Entering edit mode
23 months ago
kiran
▴
10
Hello guys,
I'm very much in need of getting clarity to this doubt, please open a discussion regarding this.
I'm dealing with Genotyping tools which takes input files as aligned .Bam files and .Fasta(reference genome file) and gives the variant call.
My doubt:
Every genotyping tool is actually realigning the reads before calling a variant, but i want to know how is genotyping tool picking the reads to realign and how can we know which reads have realigned and what machanism they have used to realign. like (bowtie2 and bwa mem processes).
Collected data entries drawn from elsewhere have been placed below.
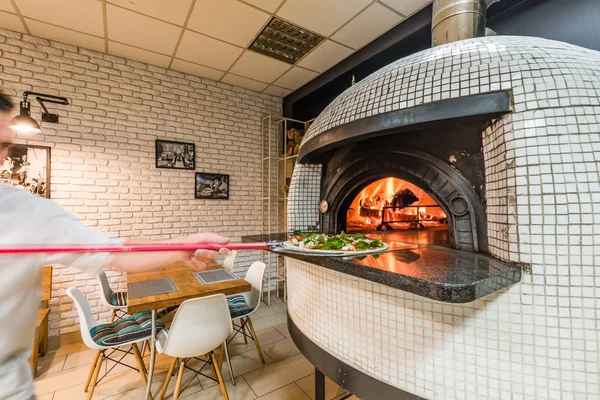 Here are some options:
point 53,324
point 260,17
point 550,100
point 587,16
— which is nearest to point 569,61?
point 550,100

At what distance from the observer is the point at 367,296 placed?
1.24 m

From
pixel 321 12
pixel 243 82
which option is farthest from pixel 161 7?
pixel 243 82

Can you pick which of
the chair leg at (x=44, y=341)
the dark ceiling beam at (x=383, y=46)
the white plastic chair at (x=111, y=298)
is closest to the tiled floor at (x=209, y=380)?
the chair leg at (x=44, y=341)

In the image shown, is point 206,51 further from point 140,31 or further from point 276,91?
point 276,91

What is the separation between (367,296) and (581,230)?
0.79m

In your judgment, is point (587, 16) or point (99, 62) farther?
point (99, 62)

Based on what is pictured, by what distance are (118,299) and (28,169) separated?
162cm

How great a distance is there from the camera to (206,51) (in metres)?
3.01

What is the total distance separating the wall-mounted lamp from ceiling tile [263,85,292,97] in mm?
2450

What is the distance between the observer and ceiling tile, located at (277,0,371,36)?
2.25m

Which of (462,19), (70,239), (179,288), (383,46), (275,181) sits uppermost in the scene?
→ (383,46)

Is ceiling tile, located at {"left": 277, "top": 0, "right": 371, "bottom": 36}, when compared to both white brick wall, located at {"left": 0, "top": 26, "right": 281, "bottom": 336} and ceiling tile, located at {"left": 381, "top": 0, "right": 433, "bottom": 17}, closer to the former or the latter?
ceiling tile, located at {"left": 381, "top": 0, "right": 433, "bottom": 17}

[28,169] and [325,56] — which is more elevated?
[325,56]

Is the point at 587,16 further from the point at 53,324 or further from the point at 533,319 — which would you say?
the point at 53,324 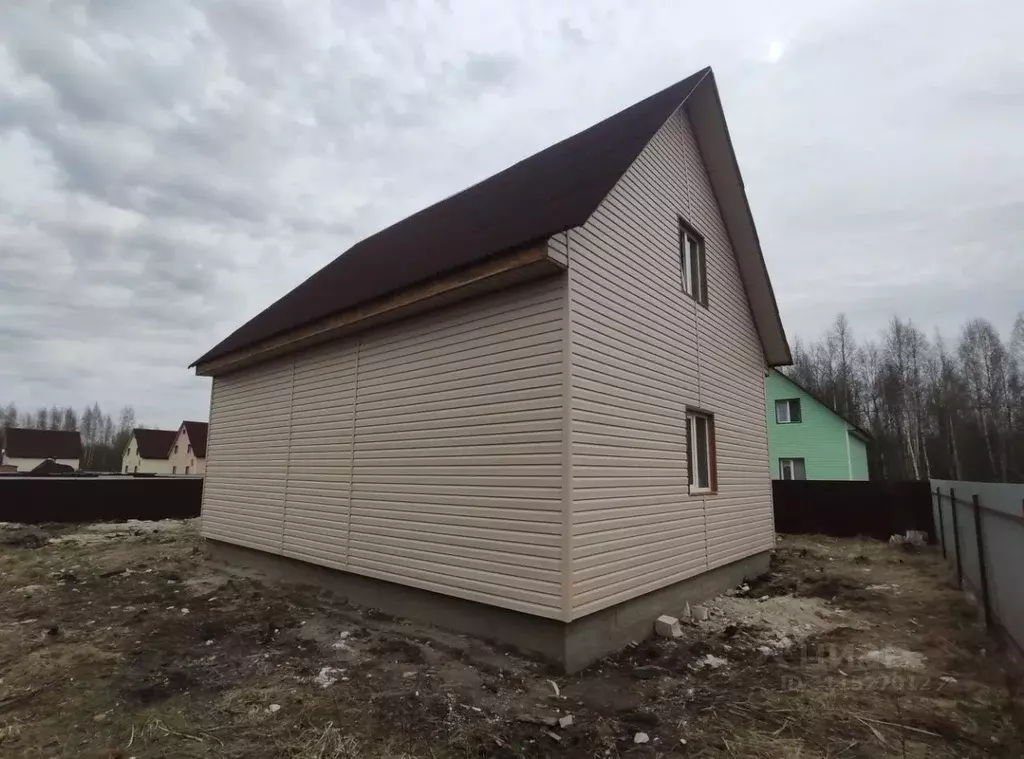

thanks for your time, really appreciate your time.
best regards, kiran.
I'm not sure how often realignment is used specifically any longer; many callers are using local assembly. The assembled haplotypes are then compared to the local reference sequence (divergent events will be anchored on both sizes by homozygous reference sequences) to establish a parsimonious representation of the events.
bcftools mpileup
uses base alignment quality (10.1093/bioinformatics/btr076) as a quality score adjustment for potentially problematic local alignments; but does not attempt to re-align reads locally.See https://qcb.ucla.edu/wp-content/uploads/sites/14/2016/03/GATKwr12-3-IndelRealignment.pdf
thank you so much, i will look into local assembly and also the link provided.
Actually i'm using tandem repeats genotyping tool, called GangSTR.